[VDPAU] [PATCH 0/1] Add new frame and field mode chroma types. Add VdpDecoderQueryProfileCapability API

Fri Nov 2 19:59:10 UTC 2018

Philip Langdale wrote at Friday, November 2, 2018 11:37 AM:
> On Fri, 2 Nov 2018 16:23:40 +0000 Stephen Warren <swarren at nvidia.com> wrote:
> > This would be technically feasible, but would be inefficient.
> >
> > The problem is that when the actual surface format differs from the
> > format that interop mandates, the interop map/unmap APIs must perform
> > a format-converting copy. This both wastes time and requires that
> > additional memory be allocated to store the converted data.
> >
> > Instead, if we allocate the video surfaces in a format that matches
> > the format we wish to expose with interop, then we don't need any
> > format- converting copy, and the system is as efficient as possible;
> > interop map and unmap operations are simply barriers and don't
> > require copies to be performed.
> >
> > This is somewhat complicated by the fact that different hardware
> > generations support different subsets of format, and this even differs
> > between compressed media formats; in some cases we support decoding
> > only to field-based surfaces (which drove the initial definition of
> > the interop API), in some cases to only frame-based surfaces, and in
> > some cases to either. Hence the need to explicitly expose this
> > information to applications.
> 
> This is the part I don't understand. When I look at a client actually
> using the interop API (mpv in my case), it has to assume that the frame
> is returned as split fields, with two textures per plane. It then does
> a reinterleave as a second stage.

I would not expect any client to do an explicit separate re-interleave
step. That would certainly introduce the inefficiency we're trying to
avoid. Rather, I assume that any application performing interop has some
specific processing it wants to perform on the surface, and hence uses a
shader to read the input surface, process the data, and then write the
results to a new surface. The process of re-interleaving the input data
can be completely hidden in the existing surface fetching part of the
shader, without introducing any separate temporary surface or any extra
copy operation.

If the VDPAU implementation is forced to provide interop surfaces in a
particular format that the video decoder HW itself doesn't support, then
the VDPAU implementation must perform this re-interleaving itself as a
separate step, rather than combining it with the desired application
processing. This is what we're trying to avoid.

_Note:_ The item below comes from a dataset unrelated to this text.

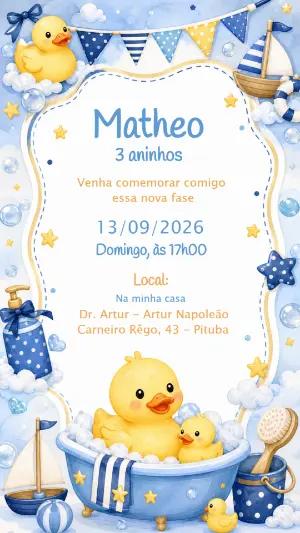 Convite de Aniversário Editável Tema Patinho de Borracha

> In other words, no matter what, we've
> already established that the existing interop API returns separate
> fields and a client must expect that. This reality caused grief for
> other vendors trying to implement interop when their hardware returned
> whole frames.

At least the extra work is the easy way around; providing two separate
sub-surfaces to interop with doubled "stride" is much easier than trying
to transparently combine two separate surfaces into one for interop
without being forced to just copy the surface and be inefficient:-)

> So, that leads me to conclude that the ship has sailed on the
> 'interop1' API. It must return fields until the end of time to avoid
> breaking consumers. If that means a wasteful de-interleave operation in
> the driver/library for HEVC, so be it - it's the only way to hold to
> the contract.

This isn't just about HEVC, although the issue did arise first with the
HW modules for HEVC. In general, it's about different HW generations.
Some HW may only decode to frame-based surfaces even for compressed
video formats other than HEVC.

> From that, I say that interop2 should simply be the
> one-frame-one-texture API. And if that means the driver/library has to
> do a reinterleave to satisfy the contract, it's also fine, because, in
> practice, the consumer was going to reinterleave anyway(!) No consumer
> is going to do anything with split fields except combine them, so that
> is a constant cost, whichever part does it.
> 
> This approach seems really appealing to me as it doesn't require
> touching any part of the actual vdpau API, which is currently
> field/frame ignorant, and we've already established that the vdpau
> readback API must return whole frames.

Making the field-vs-frame decision in the interop API is too late; at
that time, surfaces have already been allocated, and potentially used as
decode targets, so their format is already known. To allow
format-conversion-free interop implementations, we need to decide the
surface format when it's allocated, so that the video decoder can write
directly to the surface in the format that interop will expose it as.
Anything else requires interop to perform format-translating copy
operations, which we want to avoid.

-- 
nvpublic